-- Opening Marker --
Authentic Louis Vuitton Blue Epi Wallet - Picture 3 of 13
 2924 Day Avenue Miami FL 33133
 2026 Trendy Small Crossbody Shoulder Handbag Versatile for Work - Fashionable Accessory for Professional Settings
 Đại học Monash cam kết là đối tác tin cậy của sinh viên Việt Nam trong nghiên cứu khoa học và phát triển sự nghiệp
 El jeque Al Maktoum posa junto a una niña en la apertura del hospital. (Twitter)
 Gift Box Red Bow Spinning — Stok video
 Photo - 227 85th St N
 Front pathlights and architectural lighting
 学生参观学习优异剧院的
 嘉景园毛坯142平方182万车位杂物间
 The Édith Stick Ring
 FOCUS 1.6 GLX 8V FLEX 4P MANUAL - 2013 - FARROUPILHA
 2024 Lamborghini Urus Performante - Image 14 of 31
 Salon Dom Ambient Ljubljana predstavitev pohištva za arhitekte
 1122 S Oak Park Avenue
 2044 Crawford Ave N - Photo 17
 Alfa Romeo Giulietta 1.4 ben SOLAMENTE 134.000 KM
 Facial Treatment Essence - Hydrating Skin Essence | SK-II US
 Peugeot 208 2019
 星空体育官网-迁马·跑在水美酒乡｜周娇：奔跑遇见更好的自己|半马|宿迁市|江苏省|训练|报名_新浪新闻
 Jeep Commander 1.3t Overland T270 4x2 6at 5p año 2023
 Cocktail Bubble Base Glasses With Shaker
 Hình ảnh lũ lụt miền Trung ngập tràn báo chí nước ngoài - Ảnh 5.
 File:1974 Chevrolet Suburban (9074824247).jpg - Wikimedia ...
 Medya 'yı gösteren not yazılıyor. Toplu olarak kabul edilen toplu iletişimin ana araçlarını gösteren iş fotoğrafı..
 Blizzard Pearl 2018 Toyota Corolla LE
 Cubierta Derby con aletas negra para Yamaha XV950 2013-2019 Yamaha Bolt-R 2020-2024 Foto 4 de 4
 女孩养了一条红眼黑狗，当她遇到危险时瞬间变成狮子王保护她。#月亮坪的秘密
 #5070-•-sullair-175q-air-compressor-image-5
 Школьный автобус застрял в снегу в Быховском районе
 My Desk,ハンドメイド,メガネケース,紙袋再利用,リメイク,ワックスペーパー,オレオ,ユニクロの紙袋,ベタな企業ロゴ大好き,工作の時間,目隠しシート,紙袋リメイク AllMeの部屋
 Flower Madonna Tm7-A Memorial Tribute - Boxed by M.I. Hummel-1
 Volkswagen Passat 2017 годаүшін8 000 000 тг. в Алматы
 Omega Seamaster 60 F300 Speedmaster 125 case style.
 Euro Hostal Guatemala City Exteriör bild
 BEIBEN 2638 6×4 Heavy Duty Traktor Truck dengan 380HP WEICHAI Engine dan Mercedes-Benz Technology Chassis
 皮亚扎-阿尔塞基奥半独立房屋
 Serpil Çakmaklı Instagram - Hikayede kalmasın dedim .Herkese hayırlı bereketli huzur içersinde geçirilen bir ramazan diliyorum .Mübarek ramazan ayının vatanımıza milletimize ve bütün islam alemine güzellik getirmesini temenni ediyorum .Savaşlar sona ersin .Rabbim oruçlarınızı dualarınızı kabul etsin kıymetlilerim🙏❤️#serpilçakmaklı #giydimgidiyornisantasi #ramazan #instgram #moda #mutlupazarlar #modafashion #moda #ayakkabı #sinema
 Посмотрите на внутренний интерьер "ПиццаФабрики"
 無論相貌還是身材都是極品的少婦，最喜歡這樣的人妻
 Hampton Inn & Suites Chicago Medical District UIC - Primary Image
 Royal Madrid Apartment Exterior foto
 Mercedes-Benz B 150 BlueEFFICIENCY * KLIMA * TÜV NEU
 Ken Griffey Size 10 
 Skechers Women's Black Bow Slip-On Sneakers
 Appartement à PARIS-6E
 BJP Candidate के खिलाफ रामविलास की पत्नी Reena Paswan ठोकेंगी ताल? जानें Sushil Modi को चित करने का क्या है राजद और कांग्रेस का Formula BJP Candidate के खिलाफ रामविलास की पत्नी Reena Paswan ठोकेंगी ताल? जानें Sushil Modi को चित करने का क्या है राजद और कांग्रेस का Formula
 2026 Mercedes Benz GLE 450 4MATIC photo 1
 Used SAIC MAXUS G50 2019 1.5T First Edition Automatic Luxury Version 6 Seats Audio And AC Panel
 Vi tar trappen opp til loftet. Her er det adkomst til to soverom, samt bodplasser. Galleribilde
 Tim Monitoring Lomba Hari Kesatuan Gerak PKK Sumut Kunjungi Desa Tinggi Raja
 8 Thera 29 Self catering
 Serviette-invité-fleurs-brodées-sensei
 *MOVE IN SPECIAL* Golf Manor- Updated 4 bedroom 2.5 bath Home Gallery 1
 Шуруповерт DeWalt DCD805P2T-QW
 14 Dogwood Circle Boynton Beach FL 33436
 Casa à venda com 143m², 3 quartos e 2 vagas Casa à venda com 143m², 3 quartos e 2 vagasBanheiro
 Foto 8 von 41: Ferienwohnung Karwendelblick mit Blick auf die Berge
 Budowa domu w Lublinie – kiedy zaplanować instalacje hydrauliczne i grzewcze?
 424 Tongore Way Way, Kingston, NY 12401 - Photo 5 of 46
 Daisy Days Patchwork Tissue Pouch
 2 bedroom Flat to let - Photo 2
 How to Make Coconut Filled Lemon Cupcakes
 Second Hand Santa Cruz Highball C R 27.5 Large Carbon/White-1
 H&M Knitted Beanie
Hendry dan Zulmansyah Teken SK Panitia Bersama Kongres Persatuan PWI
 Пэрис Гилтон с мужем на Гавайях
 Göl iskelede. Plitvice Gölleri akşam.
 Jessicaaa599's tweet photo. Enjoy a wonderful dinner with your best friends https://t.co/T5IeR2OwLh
-- Closing Marker --
● **What this task involves**
In the listing above, find the line containing "8 Thera 29 Self catering" and please quote exactly that line through the last one, and no other lines.

● **Written response**
 8 Thera 29 Self catering
 Serviette-invité-fleurs-brodées-sensei
 *MOVE IN SPECIAL* Golf Manor- Updated 4 bedroom 2.5 bath Home Gallery 1
 Шуруповерт DeWalt DCD805P2T-QW
 14 Dogwood Circle Boynton Beach FL 33436
 Casa à venda com 143m², 3 quartos e 2 vagas Casa à venda com 143m², 3 quartos e 2 vagasBanheiro
 Foto 8 von 41: Ferienwohnung Karwendelblick mit Blick auf die Berge
 Budowa domu w Lublinie – kiedy zaplanować instalacje hydrauliczne i grzewcze?
 424 Tongore Way Way, Kingston, NY 12401 - Photo 5 of 46
 Daisy Days Patchwork Tissue Pouch
 2 bedroom Flat to let - Photo 2
 How to Make Coconut Filled Lemon Cupcakes
 Second Hand Santa Cruz Highball C R 27.5 Large Carbon/White-1
 H&M Knitted Beanie
Hendry dan Zulmansyah Teken SK Panitia Bersama Kongres Persatuan PWI
 Пэрис Гилтон с мужем на Гавайях
 Göl iskelede. Plitvice Gölleri akşam.
 Jessicaaa599's tweet photo. Enjoy a wonderful dinner with your best friends https://t.co/T5IeR2OwLh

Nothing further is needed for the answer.